Refusal to raise thresholds catches more people in NIC net
Gordon Brown slipped £800m out of taxpayers' pockets, simply by doing nothing. He declined to "unfreeze" personal income tax allowances, the amount we are allowed to earn untaxed, which by rights should at least rise by the rate of inflation. Instead, the main personal allowance for the new tax year is unchanged from last year, at £4,615.
A similar sleight of hand has caught everyone who pays national insurance contibutions (NICs) through the refusal to raise the threshold at which contributions start in line with the 7 per cent rise in the minimum wage.
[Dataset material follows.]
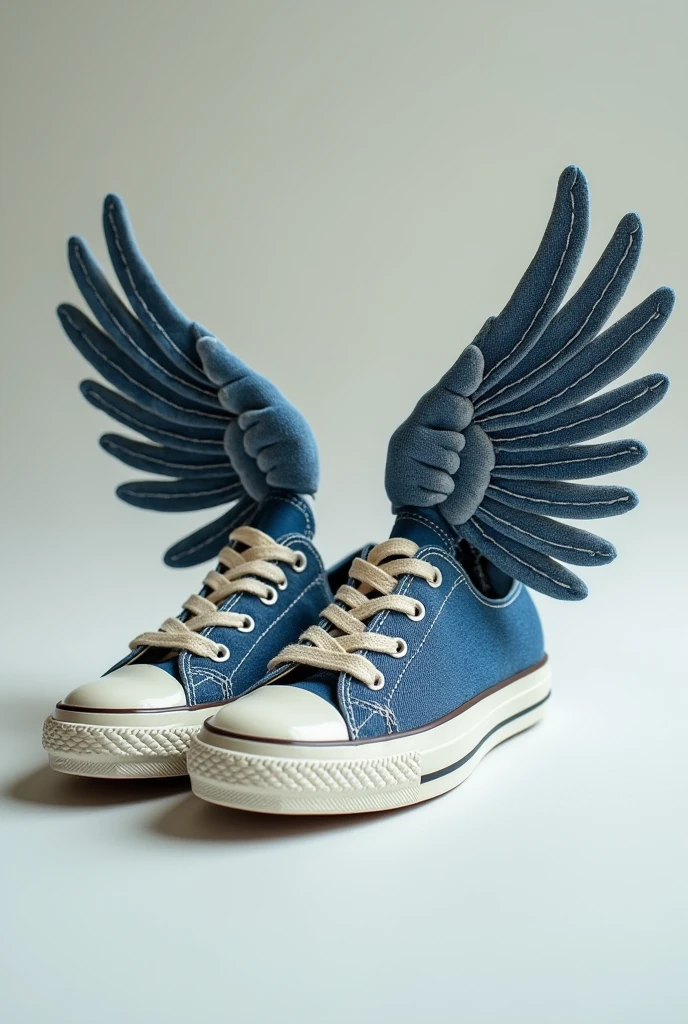 Create a jean tennis shoe with wings made from real-life jeans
When the Chancellor stood up yesterday he was already more than £6bn up. In addition to freezing personal allowan-ces, the increases in NICs will raise an estimated £8bn, and Mr Brown expects to give away £2.7bn through the working tax credit and child tax credit.
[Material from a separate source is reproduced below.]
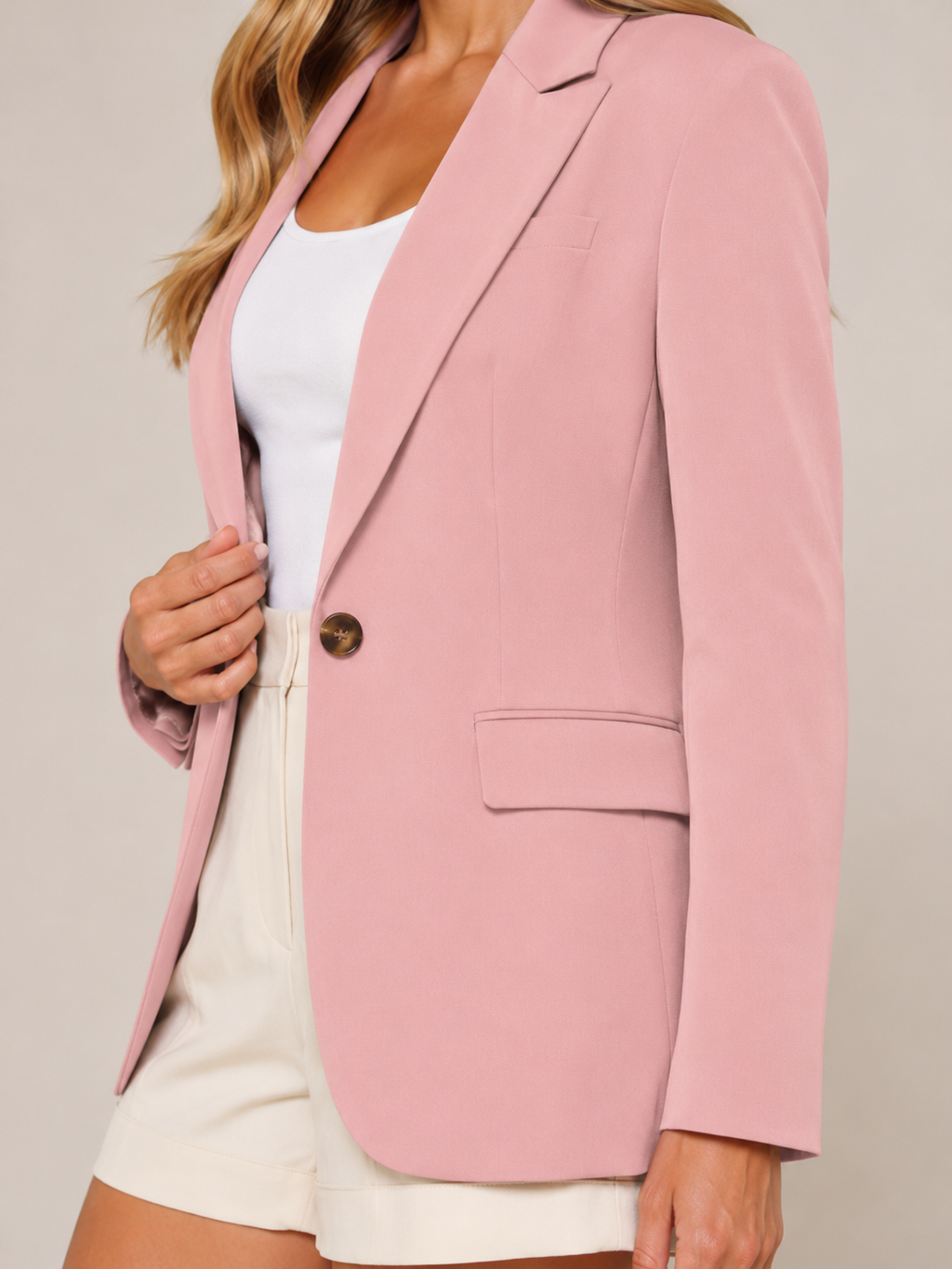 Solmélia - Dames Blazer Met Eén Knoop En Klepzakken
The NICs changes mean a cut of £10 a week in the average paypacket from this month. NICs by employers, employees and the self-employed on all earnings above the threshold of £89 per week are now levied at 11p in the £, not 10p. Those earning more than the former upper earnings limit of £29,900 a year pay 1p in the £ on the remainder of their earnings.
The child and working tax credits replace the children's and working families tax credits. The child tax credit also streamlines previous types of benefit for families with children. It is paid directly to the child's main carer, but also lumps together the earnings of the parents. The credit tapers rapidly after combined income exceeds £40,000, so this will hit many whose parents are individually on modest incomes.
David Willetts, the Tory work and pensions spokesman, said up to 200,000 families would lose. A couple each earning £30,000 a year with two children would be £529 a year worse off.
The working tax credit tries to improve the work incentives of second earners in couples with children.